Collected data entries:
□ □ □ □ □ □ □

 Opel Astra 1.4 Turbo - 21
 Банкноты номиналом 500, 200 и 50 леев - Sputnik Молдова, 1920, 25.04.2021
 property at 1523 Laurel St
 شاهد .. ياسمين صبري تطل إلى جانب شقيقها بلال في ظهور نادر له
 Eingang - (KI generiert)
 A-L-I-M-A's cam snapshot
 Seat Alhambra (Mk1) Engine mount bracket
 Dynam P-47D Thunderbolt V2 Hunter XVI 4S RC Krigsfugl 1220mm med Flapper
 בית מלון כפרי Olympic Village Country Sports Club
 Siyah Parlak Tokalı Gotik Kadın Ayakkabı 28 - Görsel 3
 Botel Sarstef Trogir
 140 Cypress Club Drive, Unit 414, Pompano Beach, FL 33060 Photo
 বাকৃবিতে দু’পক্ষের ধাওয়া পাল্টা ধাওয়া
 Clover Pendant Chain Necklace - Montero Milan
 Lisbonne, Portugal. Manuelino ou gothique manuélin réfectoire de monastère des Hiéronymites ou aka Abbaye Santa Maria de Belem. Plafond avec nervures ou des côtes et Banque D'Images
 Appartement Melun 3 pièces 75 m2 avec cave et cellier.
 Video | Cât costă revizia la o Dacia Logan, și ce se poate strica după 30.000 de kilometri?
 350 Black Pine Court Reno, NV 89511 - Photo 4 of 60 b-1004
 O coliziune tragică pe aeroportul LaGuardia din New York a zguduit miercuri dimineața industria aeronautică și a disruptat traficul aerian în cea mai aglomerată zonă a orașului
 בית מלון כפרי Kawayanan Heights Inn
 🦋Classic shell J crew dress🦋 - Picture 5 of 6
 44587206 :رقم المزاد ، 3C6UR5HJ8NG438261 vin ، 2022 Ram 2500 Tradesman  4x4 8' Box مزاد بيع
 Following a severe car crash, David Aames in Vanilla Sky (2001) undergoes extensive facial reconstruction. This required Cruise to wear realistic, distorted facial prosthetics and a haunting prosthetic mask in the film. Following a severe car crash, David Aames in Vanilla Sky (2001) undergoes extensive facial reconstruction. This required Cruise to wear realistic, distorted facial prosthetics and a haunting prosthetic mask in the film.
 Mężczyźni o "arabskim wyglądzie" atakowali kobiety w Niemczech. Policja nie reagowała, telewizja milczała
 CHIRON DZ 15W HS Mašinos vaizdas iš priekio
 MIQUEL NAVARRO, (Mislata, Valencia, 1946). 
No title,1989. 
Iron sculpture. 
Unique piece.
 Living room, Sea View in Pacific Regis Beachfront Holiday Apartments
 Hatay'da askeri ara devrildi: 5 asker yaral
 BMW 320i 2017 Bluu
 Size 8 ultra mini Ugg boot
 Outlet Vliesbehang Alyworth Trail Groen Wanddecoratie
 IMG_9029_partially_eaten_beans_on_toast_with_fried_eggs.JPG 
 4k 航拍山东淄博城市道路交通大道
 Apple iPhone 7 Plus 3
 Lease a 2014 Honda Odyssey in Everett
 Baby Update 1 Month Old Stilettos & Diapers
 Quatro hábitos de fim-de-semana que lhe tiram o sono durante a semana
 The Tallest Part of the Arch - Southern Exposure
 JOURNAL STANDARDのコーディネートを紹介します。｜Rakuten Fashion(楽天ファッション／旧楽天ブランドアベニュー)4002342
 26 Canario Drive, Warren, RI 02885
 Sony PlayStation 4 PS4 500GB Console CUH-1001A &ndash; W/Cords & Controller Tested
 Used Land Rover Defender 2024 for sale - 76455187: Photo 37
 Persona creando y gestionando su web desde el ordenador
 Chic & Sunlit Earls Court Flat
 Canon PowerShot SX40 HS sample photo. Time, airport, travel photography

□ □ □ □ □ □ □

Exercise prompt: Restate every entry exactly. Leave nothing out.

Response area:
 Opel Astra 1.4 Turbo - 21
 Банкноты номиналом 500, 200 и 50 леев - Sputnik Молдова, 1920, 25.04.2021
 property at 1523 Laurel St
 شاهد .. ياسمين صبري تطل إلى جانب شقيقها بلال في ظهور نادر له
 Eingang - (KI generiert)
 A-L-I-M-A's cam snapshot
 Seat Alhambra (Mk1) Engine mount bracket
 Dynam P-47D Thunderbolt V2 Hunter XVI 4S RC Krigsfugl 1220mm med Flapper
 בית מלון כפרי Olympic Village Country Sports Club
 Siyah Parlak Tokalı Gotik Kadın Ayakkabı 28 - Görsel 3
 Botel Sarstef Trogir
 140 Cypress Club Drive, Unit 414, Pompano Beach, FL 33060 Photo
 বাকৃবিতে দু’পক্ষের ধাওয়া পাল্টা ধাওয়া
 Clover Pendant Chain Necklace - Montero Milan
 Lisbonne, Portugal. Manuelino ou gothique manuélin réfectoire de monastère des Hiéronymites ou aka Abbaye Santa Maria de Belem. Plafond avec nervures ou des côtes et Banque D'Images
 Appartement Melun 3 pièces 75 m2 avec cave et cellier.
 Video | Cât costă revizia la o Dacia Logan, și ce se poate strica după 30.000 de kilometri?
 350 Black Pine Court Reno, NV 89511 - Photo 4 of 60 b-1004
 O coliziune tragică pe aeroportul LaGuardia din New York a zguduit miercuri dimineața industria aeronautică și a disruptat traficul aerian în cea mai aglomerată zonă a orașului
 בית מלון כפרי Kawayanan Heights Inn
 🦋Classic shell J crew dress🦋 - Picture 5 of 6
 44587206 :رقم المزاد ، 3C6UR5HJ8NG438261 vin ، 2022 Ram 2500 Tradesman  4x4 8' Box مزاد بيع
 Following a severe car crash, David Aames in Vanilla Sky (2001) undergoes extensive facial reconstruction. This required Cruise to wear realistic, distorted facial prosthetics and a haunting prosthetic mask in the film. Following a severe car crash, David Aames in Vanilla Sky (2001) undergoes extensive facial reconstruction. This required Cruise to wear realistic, distorted facial prosthetics and a haunting prosthetic mask in the film.
 Mężczyźni o "arabskim wyglądzie" atakowali kobiety w Niemczech. Policja nie reagowała, telewizja milczała
 CHIRON DZ 15W HS Mašinos vaizdas iš priekio
 MIQUEL NAVARRO, (Mislata, Valencia, 1946). 
No title,1989. 
Iron sculpture. 
Unique piece.
 Living room, Sea View in Pacific Regis Beachfront Holiday Apartments
 Hatay'da askeri ara devrildi: 5 asker yaral
 BMW 320i 2017 Bluu
 Size 8 ultra mini Ugg boot
 Outlet Vliesbehang Alyworth Trail Groen Wanddecoratie
 IMG_9029_partially_eaten_beans_on_toast_with_fried_eggs.JPG 
 4k 航拍山东淄博城市道路交通大道
 Apple iPhone 7 Plus 3
 Lease a 2014 Honda Odyssey in Everett
 Baby Update 1 Month Old Stilettos & Diapers
 Quatro hábitos de fim-de-semana que lhe tiram o sono durante a semana
 The Tallest Part of the Arch - Southern Exposure
 JOURNAL STANDARDのコーディネートを紹介します。｜Rakuten Fashion(楽天ファッション／旧楽天ブランドアベニュー)4002342
 26 Canario Drive, Warren, RI 02885
 Sony PlayStation 4 PS4 500GB Console CUH-1001A &ndash; W/Cords & Controller Tested
 Used Land Rover Defender 2024 for sale - 76455187: Photo 37
 Persona creando y gestionando su web desde el ordenador
 Chic & Sunlit Earls Court Flat
 Canon PowerShot SX40 HS sample photo. Time, airport, travel photography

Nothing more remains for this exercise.